You are viewing a plain text version of this content. The canonical link for it is here.

Posted to solr-dev@lucene.apache.org by "Hoss Man (JIRA)" <ji...@apache.org> on 2006/12/20 23:42:20 UTC

[jira] Created: (SOLR-89) new TokenFilters for whitespace trimming and pattern replacing

new TokenFilters for whitespace trimming and pattern replacing
--------------------------------------------------------------

                 Key: SOLR-89
                 URL: http://issues.apache.org/jira/browse/SOLR-89
             Project: Solr
          Issue Type: New Feature
            Reporter: Hoss Man
         Assigned To: Hoss Man


(note: lumping these in a single issue since i did them both at the same time)

More then one person has asekd me recently about how they can configure strings which:
   a) sort case insensitively
   B) ignore leading (and trailing although it's not as big of an issue) whitespace
   c ) ignore certain characters anywhere in the string (ie: strip punctuation)

The first can be solved already using the KeywordTokenizer in conjunction with the LowerCaseFilter.  I've written a TrimFilter and PatternReplaceFilter to address the later two.  (Strictly speaking, TrimFilter isn't needed since you cna make a pattern thta matches leading or trailing whitespace, but for people who are only interested in the whitespace issue, i'm sure String.trim() is more efficient the a regex)

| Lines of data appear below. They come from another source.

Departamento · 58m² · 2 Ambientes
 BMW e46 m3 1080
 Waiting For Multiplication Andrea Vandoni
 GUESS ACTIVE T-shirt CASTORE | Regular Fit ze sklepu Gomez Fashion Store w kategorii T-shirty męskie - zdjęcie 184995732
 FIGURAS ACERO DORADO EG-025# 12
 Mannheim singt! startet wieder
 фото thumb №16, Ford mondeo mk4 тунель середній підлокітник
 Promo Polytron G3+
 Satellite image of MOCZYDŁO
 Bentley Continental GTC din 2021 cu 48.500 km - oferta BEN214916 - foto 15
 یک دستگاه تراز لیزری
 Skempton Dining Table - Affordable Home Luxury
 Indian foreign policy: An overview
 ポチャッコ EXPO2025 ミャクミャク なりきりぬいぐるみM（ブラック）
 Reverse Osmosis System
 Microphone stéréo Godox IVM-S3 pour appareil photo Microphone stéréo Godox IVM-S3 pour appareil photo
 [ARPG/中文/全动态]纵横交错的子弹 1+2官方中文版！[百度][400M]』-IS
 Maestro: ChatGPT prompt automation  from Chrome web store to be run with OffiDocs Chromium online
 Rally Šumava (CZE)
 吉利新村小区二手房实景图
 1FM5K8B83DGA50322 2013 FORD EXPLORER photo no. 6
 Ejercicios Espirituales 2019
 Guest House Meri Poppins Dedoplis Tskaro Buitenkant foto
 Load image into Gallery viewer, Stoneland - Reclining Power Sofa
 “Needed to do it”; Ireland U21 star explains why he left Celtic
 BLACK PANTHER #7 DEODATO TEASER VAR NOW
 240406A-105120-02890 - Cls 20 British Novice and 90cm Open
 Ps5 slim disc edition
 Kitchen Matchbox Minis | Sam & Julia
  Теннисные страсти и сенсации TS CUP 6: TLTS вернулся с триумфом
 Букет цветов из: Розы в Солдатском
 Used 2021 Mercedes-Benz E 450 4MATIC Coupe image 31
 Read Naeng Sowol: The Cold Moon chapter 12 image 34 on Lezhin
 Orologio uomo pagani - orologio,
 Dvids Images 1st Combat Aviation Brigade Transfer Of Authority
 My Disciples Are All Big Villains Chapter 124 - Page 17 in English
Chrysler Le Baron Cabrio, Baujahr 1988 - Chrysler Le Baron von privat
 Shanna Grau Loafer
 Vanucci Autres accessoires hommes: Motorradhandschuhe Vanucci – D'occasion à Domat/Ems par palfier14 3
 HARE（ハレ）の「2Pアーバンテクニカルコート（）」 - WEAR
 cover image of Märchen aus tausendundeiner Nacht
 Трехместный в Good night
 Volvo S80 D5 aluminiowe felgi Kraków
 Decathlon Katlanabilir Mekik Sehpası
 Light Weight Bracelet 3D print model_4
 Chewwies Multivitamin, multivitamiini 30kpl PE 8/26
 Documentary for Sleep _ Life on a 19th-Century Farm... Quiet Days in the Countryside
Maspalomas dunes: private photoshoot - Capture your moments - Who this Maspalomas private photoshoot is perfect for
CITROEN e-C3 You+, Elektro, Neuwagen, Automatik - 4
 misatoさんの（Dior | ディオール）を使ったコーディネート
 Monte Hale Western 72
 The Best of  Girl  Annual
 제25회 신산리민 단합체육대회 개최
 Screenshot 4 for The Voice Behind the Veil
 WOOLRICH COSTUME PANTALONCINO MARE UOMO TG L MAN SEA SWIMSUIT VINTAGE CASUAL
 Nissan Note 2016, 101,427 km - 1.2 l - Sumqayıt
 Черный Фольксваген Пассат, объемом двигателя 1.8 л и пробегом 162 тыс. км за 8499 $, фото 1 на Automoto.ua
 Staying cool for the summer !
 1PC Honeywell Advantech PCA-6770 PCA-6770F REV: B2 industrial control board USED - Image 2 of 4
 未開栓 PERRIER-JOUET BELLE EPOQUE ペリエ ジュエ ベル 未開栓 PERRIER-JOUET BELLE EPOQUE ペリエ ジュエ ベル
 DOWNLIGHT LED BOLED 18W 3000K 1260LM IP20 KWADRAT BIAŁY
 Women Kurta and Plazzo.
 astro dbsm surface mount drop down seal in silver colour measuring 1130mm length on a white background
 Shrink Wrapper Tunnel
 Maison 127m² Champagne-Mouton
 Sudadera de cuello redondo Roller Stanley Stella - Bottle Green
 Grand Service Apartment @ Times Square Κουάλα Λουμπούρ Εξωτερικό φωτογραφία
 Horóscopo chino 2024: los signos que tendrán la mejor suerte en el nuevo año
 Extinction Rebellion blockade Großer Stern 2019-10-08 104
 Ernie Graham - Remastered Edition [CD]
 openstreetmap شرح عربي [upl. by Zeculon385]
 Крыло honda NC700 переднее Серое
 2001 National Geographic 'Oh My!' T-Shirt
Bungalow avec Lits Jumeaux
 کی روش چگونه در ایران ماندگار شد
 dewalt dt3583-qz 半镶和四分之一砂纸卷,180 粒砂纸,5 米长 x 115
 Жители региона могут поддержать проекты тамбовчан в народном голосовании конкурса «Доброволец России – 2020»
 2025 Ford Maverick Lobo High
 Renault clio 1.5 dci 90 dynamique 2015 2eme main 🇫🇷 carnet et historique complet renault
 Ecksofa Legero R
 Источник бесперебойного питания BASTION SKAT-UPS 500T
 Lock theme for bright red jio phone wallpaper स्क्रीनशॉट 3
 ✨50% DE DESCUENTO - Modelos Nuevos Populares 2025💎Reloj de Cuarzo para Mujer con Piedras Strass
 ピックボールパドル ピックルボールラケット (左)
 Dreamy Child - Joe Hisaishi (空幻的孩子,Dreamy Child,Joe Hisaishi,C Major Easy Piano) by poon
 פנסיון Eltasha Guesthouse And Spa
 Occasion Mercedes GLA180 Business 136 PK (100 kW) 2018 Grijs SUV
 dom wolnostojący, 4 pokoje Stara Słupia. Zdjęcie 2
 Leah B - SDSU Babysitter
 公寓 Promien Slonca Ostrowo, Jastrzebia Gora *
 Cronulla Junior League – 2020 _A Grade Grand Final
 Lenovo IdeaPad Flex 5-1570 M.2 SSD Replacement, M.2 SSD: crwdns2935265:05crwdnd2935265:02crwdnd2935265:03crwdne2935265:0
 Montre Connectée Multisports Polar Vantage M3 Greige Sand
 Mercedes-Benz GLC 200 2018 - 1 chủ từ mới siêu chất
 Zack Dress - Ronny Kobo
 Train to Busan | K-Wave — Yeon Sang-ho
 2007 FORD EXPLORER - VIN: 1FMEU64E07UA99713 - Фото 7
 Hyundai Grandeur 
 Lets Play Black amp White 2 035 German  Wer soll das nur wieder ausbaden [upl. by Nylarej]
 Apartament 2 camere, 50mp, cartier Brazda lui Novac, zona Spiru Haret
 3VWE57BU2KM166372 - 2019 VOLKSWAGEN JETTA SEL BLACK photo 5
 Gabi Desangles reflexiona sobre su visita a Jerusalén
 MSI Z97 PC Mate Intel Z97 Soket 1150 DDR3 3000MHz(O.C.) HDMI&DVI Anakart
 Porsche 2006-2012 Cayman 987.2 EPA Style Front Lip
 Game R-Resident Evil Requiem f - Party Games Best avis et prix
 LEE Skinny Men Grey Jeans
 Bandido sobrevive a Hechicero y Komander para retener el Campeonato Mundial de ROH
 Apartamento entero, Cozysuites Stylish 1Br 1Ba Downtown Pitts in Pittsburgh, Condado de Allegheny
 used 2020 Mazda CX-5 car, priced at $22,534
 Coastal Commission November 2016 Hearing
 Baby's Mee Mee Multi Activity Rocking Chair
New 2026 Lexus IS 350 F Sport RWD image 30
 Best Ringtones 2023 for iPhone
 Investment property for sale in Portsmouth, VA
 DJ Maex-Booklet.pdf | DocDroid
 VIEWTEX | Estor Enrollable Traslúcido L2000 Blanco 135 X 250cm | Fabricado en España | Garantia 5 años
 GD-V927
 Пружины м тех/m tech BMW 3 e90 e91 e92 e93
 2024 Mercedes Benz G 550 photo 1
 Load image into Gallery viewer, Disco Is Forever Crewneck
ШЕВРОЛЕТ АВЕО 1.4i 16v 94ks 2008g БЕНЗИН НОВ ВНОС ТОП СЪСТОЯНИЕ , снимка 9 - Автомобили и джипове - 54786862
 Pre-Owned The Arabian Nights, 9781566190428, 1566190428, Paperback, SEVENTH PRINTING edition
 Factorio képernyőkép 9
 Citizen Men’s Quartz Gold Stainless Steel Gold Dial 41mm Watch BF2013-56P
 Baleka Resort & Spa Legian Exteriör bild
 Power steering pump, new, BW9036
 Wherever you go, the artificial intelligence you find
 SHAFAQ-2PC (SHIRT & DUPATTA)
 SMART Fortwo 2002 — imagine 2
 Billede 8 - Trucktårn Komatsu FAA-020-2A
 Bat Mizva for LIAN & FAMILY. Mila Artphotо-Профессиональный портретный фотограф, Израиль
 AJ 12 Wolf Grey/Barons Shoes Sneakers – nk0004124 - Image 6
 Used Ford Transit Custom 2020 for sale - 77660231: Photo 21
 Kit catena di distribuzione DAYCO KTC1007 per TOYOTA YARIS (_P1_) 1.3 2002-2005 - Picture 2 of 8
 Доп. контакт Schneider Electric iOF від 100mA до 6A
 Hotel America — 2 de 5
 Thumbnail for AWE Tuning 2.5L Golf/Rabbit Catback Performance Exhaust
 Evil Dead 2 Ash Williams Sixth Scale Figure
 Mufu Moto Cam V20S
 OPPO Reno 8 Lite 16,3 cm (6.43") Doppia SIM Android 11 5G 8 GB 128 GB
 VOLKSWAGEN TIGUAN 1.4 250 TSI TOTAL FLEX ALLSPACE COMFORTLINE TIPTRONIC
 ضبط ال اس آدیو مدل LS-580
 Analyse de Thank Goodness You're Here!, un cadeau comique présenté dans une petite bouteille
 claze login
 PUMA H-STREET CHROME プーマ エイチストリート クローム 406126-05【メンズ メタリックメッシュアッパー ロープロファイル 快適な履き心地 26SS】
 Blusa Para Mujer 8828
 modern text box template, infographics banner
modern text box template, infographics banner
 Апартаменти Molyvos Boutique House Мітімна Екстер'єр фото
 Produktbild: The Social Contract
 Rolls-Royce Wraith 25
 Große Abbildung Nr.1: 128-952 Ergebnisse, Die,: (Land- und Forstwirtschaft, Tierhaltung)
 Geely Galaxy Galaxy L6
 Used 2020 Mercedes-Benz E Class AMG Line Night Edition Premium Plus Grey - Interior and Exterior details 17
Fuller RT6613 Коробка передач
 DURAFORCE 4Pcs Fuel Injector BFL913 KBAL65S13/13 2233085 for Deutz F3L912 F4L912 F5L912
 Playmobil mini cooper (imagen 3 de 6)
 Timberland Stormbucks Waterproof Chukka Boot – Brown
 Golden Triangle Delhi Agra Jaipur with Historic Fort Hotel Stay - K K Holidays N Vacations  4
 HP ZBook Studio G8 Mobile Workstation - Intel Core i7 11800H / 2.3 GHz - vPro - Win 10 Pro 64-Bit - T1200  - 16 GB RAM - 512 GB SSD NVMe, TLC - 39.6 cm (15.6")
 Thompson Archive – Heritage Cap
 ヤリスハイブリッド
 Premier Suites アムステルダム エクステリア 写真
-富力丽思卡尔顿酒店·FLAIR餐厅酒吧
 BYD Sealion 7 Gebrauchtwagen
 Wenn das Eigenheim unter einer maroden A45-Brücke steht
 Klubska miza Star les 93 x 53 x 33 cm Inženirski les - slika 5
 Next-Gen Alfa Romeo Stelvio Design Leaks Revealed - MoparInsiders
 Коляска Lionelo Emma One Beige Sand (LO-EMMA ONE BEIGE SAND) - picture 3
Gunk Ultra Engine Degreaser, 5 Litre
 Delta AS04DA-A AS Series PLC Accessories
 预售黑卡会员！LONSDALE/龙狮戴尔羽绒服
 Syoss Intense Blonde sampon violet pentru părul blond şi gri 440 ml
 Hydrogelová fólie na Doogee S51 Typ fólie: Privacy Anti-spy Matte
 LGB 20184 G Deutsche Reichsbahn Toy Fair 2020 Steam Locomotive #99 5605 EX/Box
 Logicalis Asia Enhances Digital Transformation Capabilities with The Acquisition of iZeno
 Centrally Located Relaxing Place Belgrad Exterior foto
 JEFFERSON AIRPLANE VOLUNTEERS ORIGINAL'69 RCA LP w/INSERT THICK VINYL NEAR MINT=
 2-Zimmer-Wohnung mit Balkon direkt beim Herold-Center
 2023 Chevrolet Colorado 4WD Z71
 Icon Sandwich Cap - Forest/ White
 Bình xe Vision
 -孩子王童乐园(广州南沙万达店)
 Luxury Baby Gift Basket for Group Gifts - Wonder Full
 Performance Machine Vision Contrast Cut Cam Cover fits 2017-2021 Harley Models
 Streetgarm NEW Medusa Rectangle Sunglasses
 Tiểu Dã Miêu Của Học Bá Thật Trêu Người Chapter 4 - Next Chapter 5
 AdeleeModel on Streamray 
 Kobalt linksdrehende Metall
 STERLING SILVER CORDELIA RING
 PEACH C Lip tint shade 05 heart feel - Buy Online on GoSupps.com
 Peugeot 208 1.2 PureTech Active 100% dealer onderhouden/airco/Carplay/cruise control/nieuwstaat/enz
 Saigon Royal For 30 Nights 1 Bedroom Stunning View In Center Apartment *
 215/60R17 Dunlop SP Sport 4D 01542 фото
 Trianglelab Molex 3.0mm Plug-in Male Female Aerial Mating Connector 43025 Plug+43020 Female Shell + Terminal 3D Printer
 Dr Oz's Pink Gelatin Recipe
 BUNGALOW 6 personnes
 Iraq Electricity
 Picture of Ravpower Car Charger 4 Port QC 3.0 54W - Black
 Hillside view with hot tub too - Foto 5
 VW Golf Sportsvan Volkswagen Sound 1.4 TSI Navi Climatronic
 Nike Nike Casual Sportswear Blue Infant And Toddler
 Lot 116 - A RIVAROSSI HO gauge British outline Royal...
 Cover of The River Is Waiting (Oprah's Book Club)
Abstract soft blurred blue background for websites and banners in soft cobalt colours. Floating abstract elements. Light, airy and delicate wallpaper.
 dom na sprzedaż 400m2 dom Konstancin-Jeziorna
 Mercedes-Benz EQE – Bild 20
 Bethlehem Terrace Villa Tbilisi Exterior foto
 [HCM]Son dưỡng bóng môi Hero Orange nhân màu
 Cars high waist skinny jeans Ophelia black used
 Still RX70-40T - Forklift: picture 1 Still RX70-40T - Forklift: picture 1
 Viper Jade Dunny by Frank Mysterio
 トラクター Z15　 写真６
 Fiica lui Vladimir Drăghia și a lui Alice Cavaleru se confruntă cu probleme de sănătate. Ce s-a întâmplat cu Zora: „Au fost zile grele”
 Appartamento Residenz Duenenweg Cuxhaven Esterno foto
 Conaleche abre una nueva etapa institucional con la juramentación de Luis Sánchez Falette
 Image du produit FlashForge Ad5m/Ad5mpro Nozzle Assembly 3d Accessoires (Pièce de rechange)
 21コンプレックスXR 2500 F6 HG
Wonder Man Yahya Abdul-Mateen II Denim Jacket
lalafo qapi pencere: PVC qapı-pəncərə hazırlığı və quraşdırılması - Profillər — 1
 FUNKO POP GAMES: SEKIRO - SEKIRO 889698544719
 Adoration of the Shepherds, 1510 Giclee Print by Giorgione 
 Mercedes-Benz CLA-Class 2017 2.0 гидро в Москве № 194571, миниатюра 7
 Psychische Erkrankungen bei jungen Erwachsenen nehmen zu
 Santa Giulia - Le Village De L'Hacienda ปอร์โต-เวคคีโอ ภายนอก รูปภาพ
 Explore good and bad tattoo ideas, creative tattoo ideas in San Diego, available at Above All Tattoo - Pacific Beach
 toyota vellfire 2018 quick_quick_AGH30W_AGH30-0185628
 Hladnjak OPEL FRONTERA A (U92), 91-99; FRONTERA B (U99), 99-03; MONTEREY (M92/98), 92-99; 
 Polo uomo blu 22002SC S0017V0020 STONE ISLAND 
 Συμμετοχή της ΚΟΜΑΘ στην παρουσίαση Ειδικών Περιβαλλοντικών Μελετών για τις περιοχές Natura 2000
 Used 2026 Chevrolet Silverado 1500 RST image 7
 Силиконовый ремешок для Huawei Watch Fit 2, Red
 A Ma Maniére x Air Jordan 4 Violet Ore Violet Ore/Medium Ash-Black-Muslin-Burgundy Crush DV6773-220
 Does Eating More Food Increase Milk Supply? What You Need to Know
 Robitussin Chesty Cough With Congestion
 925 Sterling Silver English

An example of how they can be used...

    <!-- This is an example of using the KeywordTokenizer along
         With various TokenFilterFactories to produce a sortable field
         that does not include some properties of the source text
      -->
    <fieldtype name="alphaOnlySort" class="solr.TextField" sortMissingLast="true" omitNorms="true">
      <analyzer>
        <!-- KeywordTokenizer does no actual tokenizing, so the entire
             input string is preserved as a single token
          -->
        <tokenizer class="solr.KeywordTokenizerFactory"/>
        <!-- The LowerCase TokenFilter does what you expect, which can be
             when you want your sorting to be case insensitive
          -->
        <filter class="solr.LowerCaseFilterFactory" />
        <!-- The TrimFilter removes any leading or trailing whitespace -->
        <filter class="solr.TrimFilterFactory" />
        <!-- The PatternReplaceFilter gives you the flexibility to use
             Java Regular expression to replace any sequence of characters
             matching a pattern with an arbitrary replacement string, 
             which may include back refrences to portions of the orriginal
             string matched by the pattern.
             
             See the Java Regular Expression documentation for more
             infomation on pattern and replacement string syntax.
             
             http://java.sun.com/j2se/1.5.0/docs/api/java/util/regex/package-summary.html
          -->
        <filter class="solr.PatternReplaceFilterFactory"
                pattern="([^a-z])" replacement="" replace="all"
        />
      </analyzer>
    </fieldtype>


-- 
This message is automatically generated by JIRA.
-
If you think it was sent incorrectly contact one of the administrators: http://issues.apache.org/jira/secure/Administrators.jspa
-
For more information on JIRA, see: http://www.atlassian.com/software/jira

[jira] Resolved: (SOLR-89) new TokenFilters for whitespace trimming and pattern replacing

Posted by "Hoss Man (JIRA)" <ji...@apache.org>.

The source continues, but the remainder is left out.